Consider a function $f: \mathbb{R}^n \to \mathbb{R}$ that has a singularity at point $x_0$ such that $\lim_{x\to x_0} f(x) = +\infty$. When we can be sure that this singularity is integrable? (you can assume that f is continuous for $x \neq x_0$ and that outside of some neighborhood of $x_0$ it equals to zero).
For the case $n = 1$ it is enough to check that $f(x) \sim |x - x_0|^\alpha$ near $x_0$for some $\alpha > -1$ (are there similar criteria for $n>1$?).

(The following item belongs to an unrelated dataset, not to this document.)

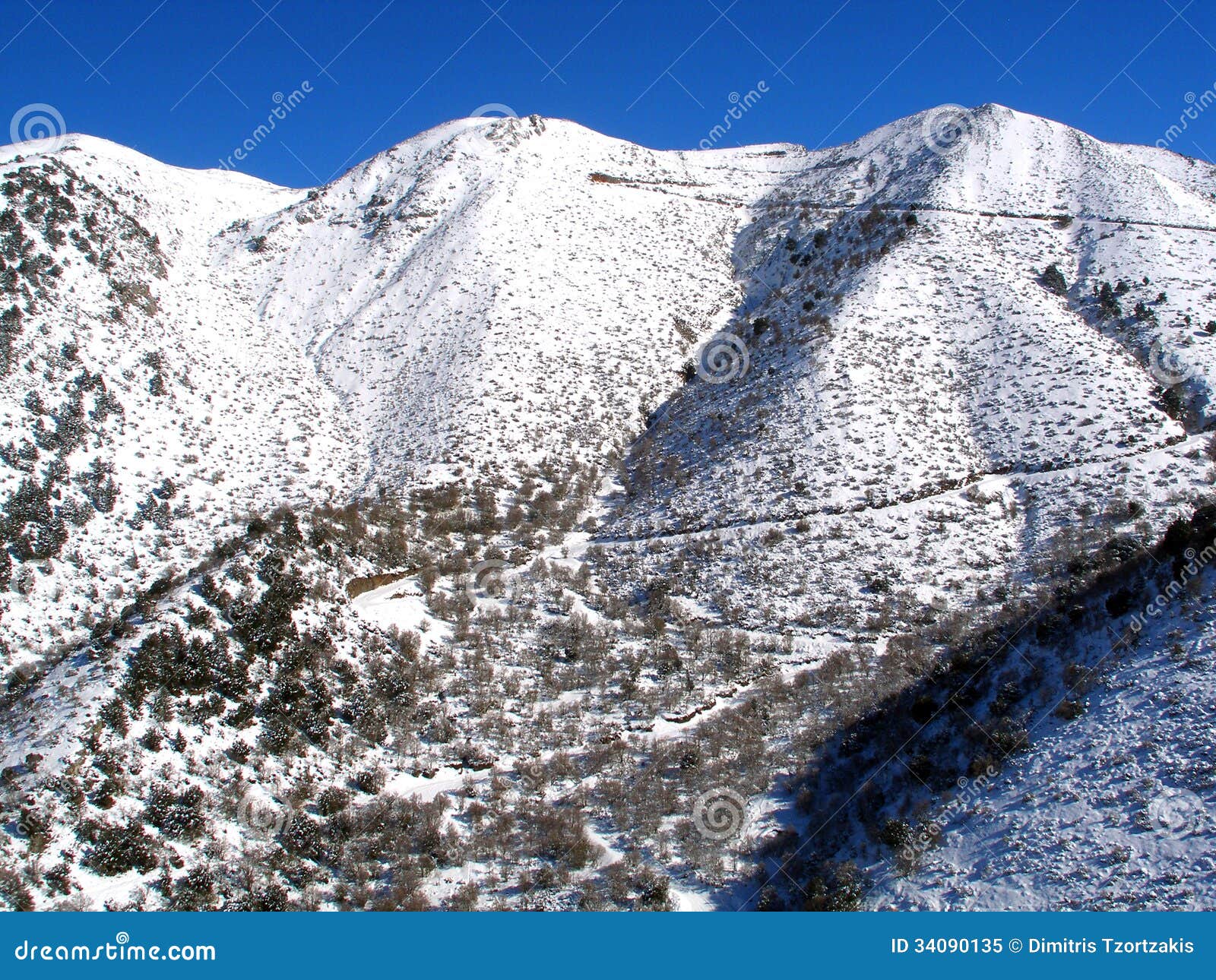 air photograph, omalos, lefka ori, chania, crete, greece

Yes, it suffices if $|f(x)| \lesssim |x - x_0|^{\alpha}$ with $\alpha > -n$.
To see this, use integration in polar coordinates (assume w.l.o.g. that $x_0 = 0$, otherwise first apply a translation):
$$ \int_{\Bbb{R}^n} |f(x)| \,dx = \int_0^\infty r^{n-1} \cdot \int_{S^{n-1}} |f(r\xi)| \,d\xi \, dr = \int_0^R r^{n-1} \cdot \int_{S^{n-1}} |f(r\xi)| \,d\xi \, dr, $$
where $f(x) = 0$ for $|x| > R$.
Here, $d\xi$ denotes the surface measure on $S^{n-1}$. The only thing you have to know here is that $\int_{S^{n-1}} 1 \,d\xi \in(0,\infty)$.
EDIT: For the formula for integration in polar coordinates, see e.g. here Integral formula for polar coordinates
EDIT 2: Using the above calculation, you can also show that $|f|$ is not integrable if $|f(x)| \gtrsim |x-x_0|^\alpha$ with $\alpha < -n$.